Video Coding Basic Concepts

Video compression is the process of compacting data into a smaller number of bits. Video compression (video coding) is the process of converting digital video into a format suitable for transmission or storage. Raw or uncompressed digital video requires a large bitrate, while compressed video typically requires less bitrate.

Compression involves a compressor (encoder) and a decompressor (decoder). Encoder converts the source data into a compressed form occupying a reduced number of bits, prior to transmission or storage. Decoder converts the compressed form back into a representation of the original video data.

Data compression is achieved by removing redundancy (components that are not necessary for faithful reproduction of the data). There are two types of compression

In lossless compression, reconstructed data at the output of the decoder is a perfect copy of the original data.
In a lossy compression system, the decompressed data is not identical to the source data and much higher compression ratios can be achieved at the expense of a loss of visual quality.

Lossy video compression systems are based on the principle of removing subjective redundancy. It removes elements of the image or video sequence that can be removed without significantly affecting the viewer’s perception of visual quality.

This article discuss about basic building blocks(concepts) required for Video Coding.

Video Encoding

A video encoder consists of three main functional units:

Prediction model
Spatial model
Entropy encoder

Prediction model

The input to the prediction model is an uncompressed(raw) video sequence. The prediction model attempts to reduce redundancy by exploiting the similarities between neighbouring video frames and/or neighbouring image samples, by constructing a prediction of the current video frame or block of video data. A prediction is formed from data in the current frame or in one or more previous and/or future frames:

Intra prediction, created by spatial extrapolation from neighbouring image samples.
Inter or motion compensated prediction by compensating for differences between the frames.

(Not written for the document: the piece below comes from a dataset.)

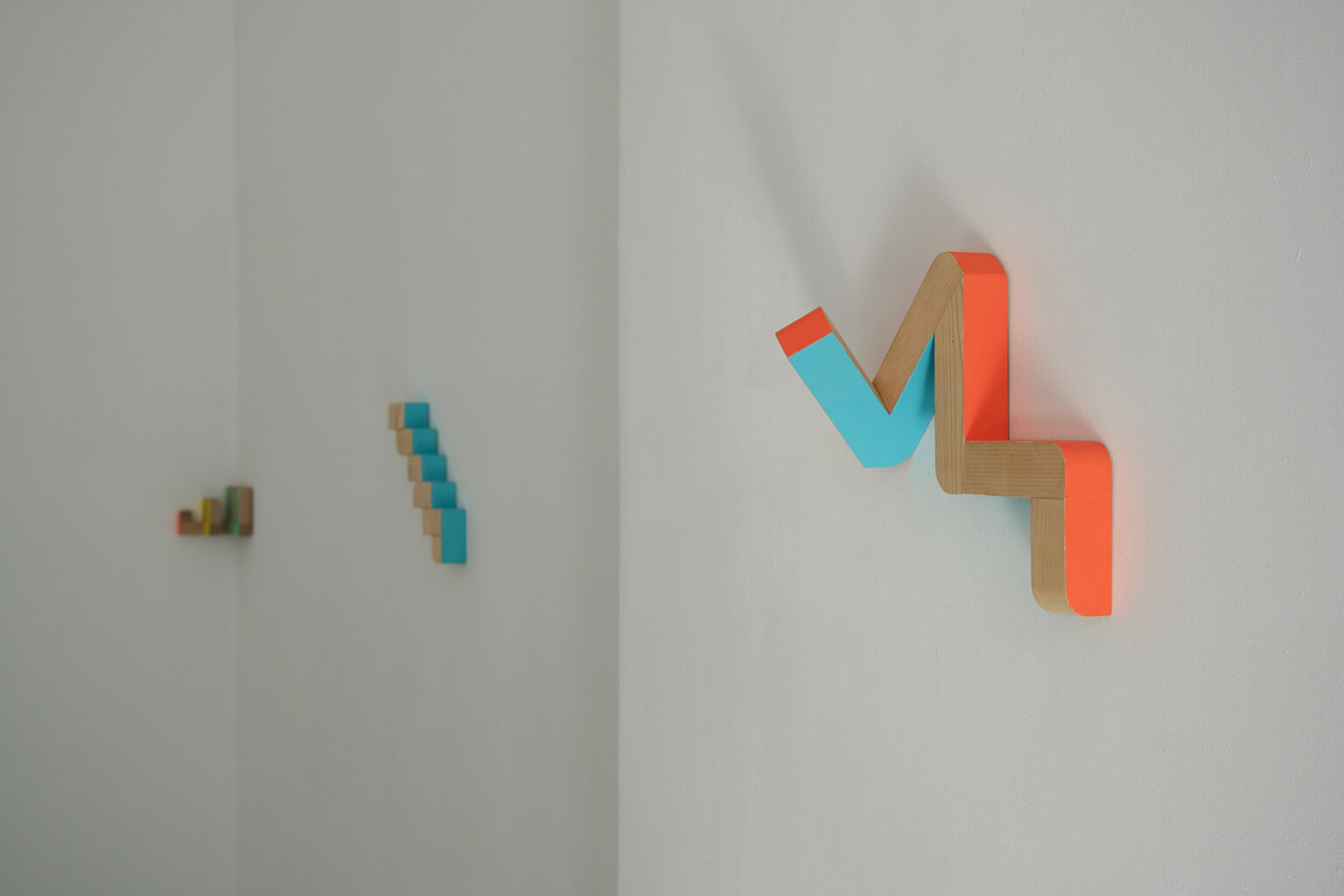 Kolorowe, geometryczne formy przestrzenne na ścianie galerii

The output of the prediction model is a residual frame, created by subtracting the prediction from the actual current frame, and a set of model parameters indicating the intra prediction type or describing how the motion was compensated.

Spatial model

The residual frame forms the input to the spatial model which makes use of similarities between local samples in the residual frame to reduce spatial redundancy. In H.264/AVC this is carried out by applying a transform to the residual samples and quantizing the results. The transform converts the samples into another domain in which they are represented by transform coefficients. The coefficients are quantized to remove insignificant values, leaving a small number of significant coefficients that provide a more compact representation of the residual frame. The output of the spatial model is a set of quantized transform coefficients.

Entropy encoder

The parameters of the prediction model, i.e. intra prediction mode(s) or inter prediction mode(s) and motion vectors, and the spatial model, i.e. coefficients, are compressed by the entropy encoder. This removes statistical redundancy in the data, for example representing commonly occurring vectors and coefficients by short binary codes.

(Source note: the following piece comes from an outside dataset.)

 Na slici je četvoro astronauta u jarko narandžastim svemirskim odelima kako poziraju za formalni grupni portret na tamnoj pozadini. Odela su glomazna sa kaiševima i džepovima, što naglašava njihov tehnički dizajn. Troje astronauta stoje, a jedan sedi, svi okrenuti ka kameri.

The video decoder reconstructs a video frame from the compressed bit stream. The coefficients and prediction parameters are decoded by an entropy decoder. After that spatial model is decoded to reconstruct a version of the residual frame. Decoder then uses the prediction parameters, together with previously decoded image pixels, to create a prediction of the current frame. Final frame is reconstructed by adding the residual frame to this prediction.